## ABOUT THIS EXERCISE
Only the lines running from the line with "Benchmade Mini Adira" to the end of the records below belong in the answer, each copied exactly.

## DATASET
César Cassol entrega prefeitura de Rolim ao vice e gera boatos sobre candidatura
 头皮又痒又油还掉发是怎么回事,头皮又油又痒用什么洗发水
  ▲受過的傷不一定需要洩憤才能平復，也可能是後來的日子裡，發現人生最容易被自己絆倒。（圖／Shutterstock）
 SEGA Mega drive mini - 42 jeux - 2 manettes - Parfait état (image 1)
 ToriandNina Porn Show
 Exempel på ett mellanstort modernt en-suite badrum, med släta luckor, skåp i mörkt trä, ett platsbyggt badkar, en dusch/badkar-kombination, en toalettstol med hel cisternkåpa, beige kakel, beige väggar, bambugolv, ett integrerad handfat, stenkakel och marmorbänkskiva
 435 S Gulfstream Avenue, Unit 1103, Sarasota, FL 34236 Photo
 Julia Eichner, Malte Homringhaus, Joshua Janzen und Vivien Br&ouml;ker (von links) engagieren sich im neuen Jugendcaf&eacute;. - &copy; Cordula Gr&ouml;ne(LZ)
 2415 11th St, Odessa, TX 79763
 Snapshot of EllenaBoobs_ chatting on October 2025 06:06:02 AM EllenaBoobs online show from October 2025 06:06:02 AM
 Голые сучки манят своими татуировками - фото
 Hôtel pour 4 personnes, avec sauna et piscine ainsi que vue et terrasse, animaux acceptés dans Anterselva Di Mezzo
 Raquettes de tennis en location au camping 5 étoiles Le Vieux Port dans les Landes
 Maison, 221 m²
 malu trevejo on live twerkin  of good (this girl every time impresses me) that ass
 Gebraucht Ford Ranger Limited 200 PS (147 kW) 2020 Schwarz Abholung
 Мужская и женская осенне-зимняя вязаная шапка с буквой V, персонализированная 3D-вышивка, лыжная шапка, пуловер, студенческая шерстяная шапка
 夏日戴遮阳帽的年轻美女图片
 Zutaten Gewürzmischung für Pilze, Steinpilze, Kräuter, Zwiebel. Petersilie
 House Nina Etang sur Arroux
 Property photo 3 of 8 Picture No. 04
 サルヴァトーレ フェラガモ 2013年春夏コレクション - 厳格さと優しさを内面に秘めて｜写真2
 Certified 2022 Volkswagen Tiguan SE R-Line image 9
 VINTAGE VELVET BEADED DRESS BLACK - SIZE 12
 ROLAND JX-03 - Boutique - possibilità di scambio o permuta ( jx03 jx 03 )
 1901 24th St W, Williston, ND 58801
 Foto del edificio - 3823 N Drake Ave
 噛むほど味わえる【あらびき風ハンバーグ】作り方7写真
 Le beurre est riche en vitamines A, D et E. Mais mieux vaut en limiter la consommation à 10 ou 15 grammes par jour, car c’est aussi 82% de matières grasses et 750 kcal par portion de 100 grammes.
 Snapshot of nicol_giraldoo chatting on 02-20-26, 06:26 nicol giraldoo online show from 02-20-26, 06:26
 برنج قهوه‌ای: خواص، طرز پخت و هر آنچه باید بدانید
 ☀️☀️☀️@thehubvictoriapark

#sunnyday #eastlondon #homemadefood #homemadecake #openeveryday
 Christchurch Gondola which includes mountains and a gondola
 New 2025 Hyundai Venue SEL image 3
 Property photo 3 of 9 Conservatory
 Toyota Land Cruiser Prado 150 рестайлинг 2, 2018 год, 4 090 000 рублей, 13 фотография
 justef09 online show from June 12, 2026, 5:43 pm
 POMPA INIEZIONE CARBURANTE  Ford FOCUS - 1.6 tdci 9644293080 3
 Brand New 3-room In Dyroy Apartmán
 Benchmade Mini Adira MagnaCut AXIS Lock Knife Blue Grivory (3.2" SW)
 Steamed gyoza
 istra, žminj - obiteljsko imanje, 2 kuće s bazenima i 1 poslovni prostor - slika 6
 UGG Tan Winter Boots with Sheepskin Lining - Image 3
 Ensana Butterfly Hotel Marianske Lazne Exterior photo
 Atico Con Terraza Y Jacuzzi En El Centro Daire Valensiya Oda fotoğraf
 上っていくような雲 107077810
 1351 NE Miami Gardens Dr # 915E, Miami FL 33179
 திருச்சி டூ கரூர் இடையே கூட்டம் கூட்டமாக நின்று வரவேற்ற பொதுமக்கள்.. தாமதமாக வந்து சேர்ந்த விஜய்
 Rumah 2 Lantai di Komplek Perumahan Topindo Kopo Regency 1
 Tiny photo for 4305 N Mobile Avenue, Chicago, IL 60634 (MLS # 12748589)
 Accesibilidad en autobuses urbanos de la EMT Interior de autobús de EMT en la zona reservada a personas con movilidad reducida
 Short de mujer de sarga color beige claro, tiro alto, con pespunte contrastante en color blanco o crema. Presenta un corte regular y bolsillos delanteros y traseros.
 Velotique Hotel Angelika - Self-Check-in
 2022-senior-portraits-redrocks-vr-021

## RESULT OF THE EXERCISE
 Benchmade Mini Adira MagnaCut AXIS Lock Knife Blue Grivory (3.2" SW)
 Steamed gyoza
 istra, žminj - obiteljsko imanje, 2 kuće s bazenima i 1 poslovni prostor - slika 6
 UGG Tan Winter Boots with Sheepskin Lining - Image 3
 Ensana Butterfly Hotel Marianske Lazne Exterior photo
 Atico Con Terraza Y Jacuzzi En El Centro Daire Valensiya Oda fotoğraf
 上っていくような雲 107077810
 1351 NE Miami Gardens Dr # 915E, Miami FL 33179
 திருச்சி டூ கரூர் இடையே கூட்டம் கூட்டமாக நின்று வரவேற்ற பொதுமக்கள்.. தாமதமாக வந்து சேர்ந்த விஜய்
 Rumah 2 Lantai di Komplek Perumahan Topindo Kopo Regency 1
 Tiny photo for 4305 N Mobile Avenue, Chicago, IL 60634 (MLS # 12748589)
 Accesibilidad en autobuses urbanos de la EMT Interior de autobús de EMT en la zona reservada a personas con movilidad reducida
 Short de mujer de sarga color beige claro, tiro alto, con pespunte contrastante en color blanco o crema. Presenta un corte regular y bolsillos delanteros y traseros.
 Velotique Hotel Angelika - Self-Check-in
 2022-senior-portraits-redrocks-vr-021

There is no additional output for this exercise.